- Task description: Extract the lines from the first one in the records below through the line containing "Solomon Islands Nguzunguzu", keeping both ends and leaving out any pictures.

*** Opening Data to use ***

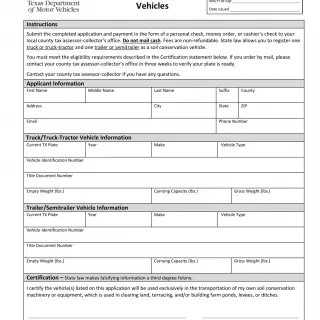 TxDMV VTR-45 - Application for Soil Conservation Vehicles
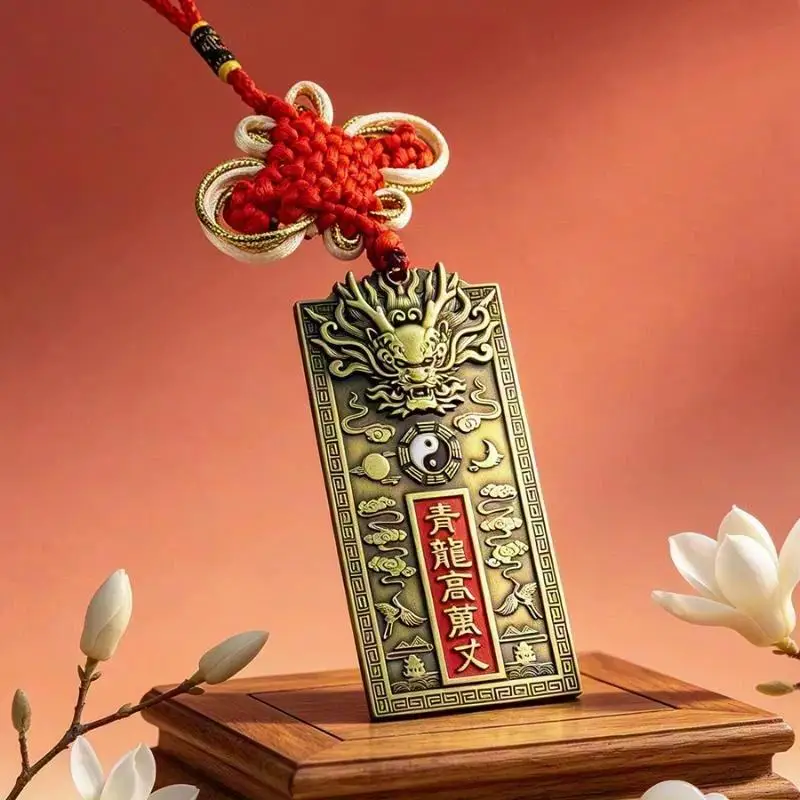Vintage Chinesisches Drachen-Schnitzdekor-Set Ouyue Qinglong Metall-Ornament für Schreibtisch, Regal und Kunstsammlung – Detail 9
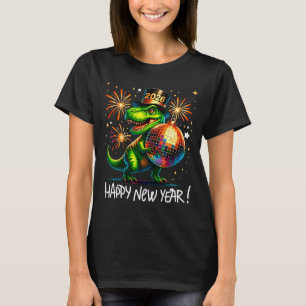 T Rex Happy New Year 2026 Disco Ball Fireworks Tee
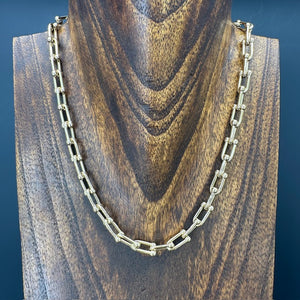 Beaded Link Hard Wear Necklace - brass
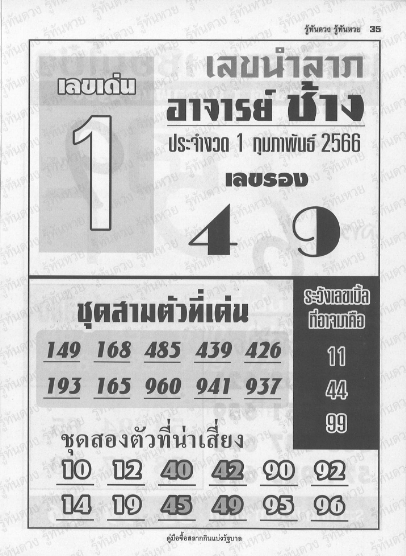 หวยอาจารย์ช้าง 1/2/66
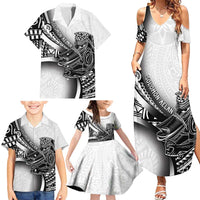 Solomon Islands Nguzunguzu Family Matching Summer Maxi Dress and Hawaiian Shirt Polynesian Tribal Pattern LT05 - Polynesian Pride
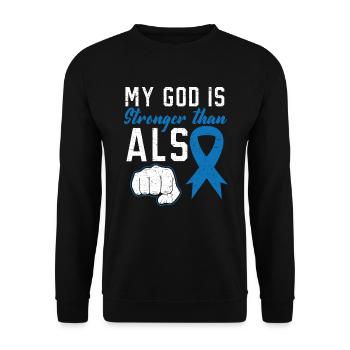 Mein Gott ist stärker als ALS Awareness Christian - Unisex Pullover - Schwarz - Vorne - Alina (178cm) & Michal (187cm)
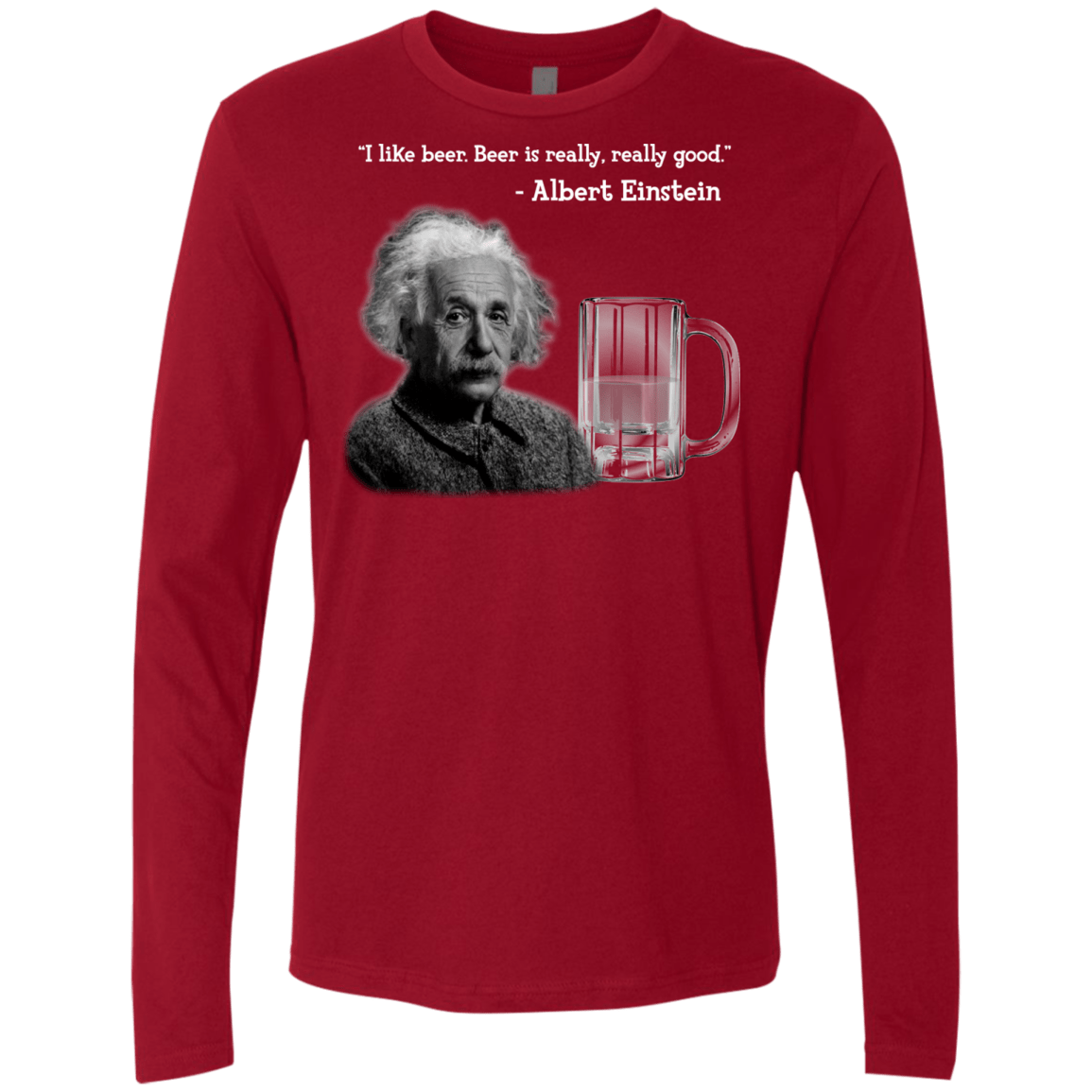 T-Shirts Cardinal / Small Einstein Men's Premium Long Sleeve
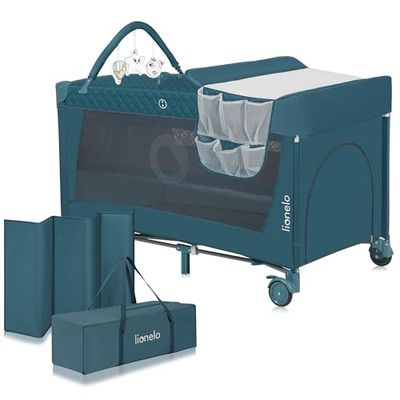 lionelo Flower lit Bebe Parapluie Parc Bebe, Deux hauteurs de Matelas, entrée latérale, Barre avec Jouets, Table à Langer sûre Sac de Transport,système de Pliage Rapide
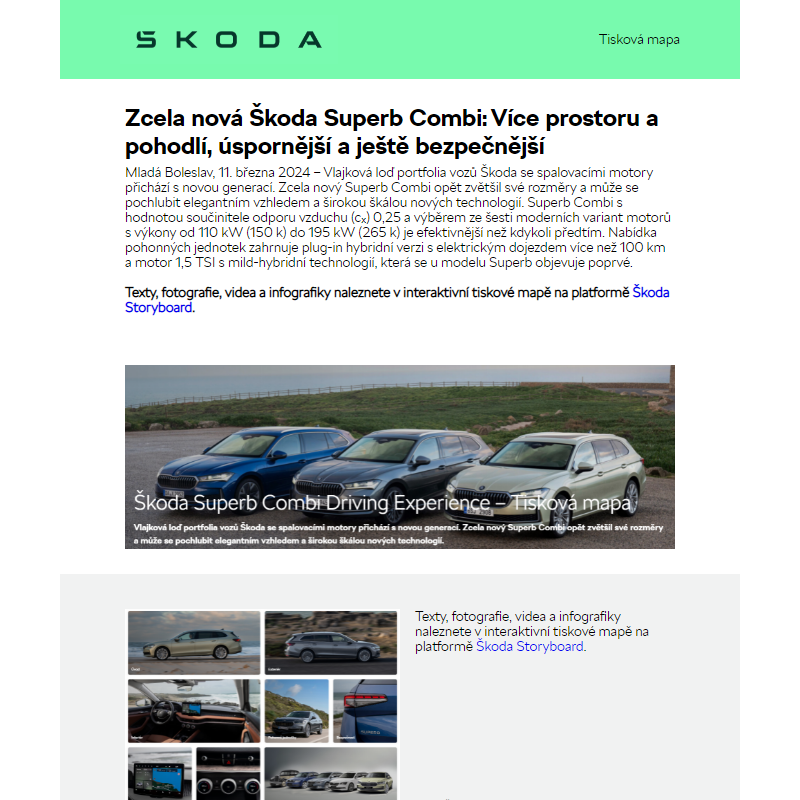 Zcela nová Škoda Superb Combi: Více prostoru a pohodlí, úspornější a ještě bezpečnější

*** Closing Data to use ***

- Solution for this problem:
 TxDMV VTR-45 - Application for Soil Conservation Vehicles
Vintage Chinesisches Drachen-Schnitzdekor-Set Ouyue Qinglong Metall-Ornament für Schreibtisch, Regal und Kunstsammlung – Detail 9
 T Rex Happy New Year 2026 Disco Ball Fireworks Tee
 Beaded Link Hard Wear Necklace - brass
 หวยอาจารย์ช้าง 1/2/66
 Solomon Islands Nguzunguzu Family Matching Summer Maxi Dress and Hawaiian Shirt Polynesian Tribal Pattern LT05 - Polynesian Pride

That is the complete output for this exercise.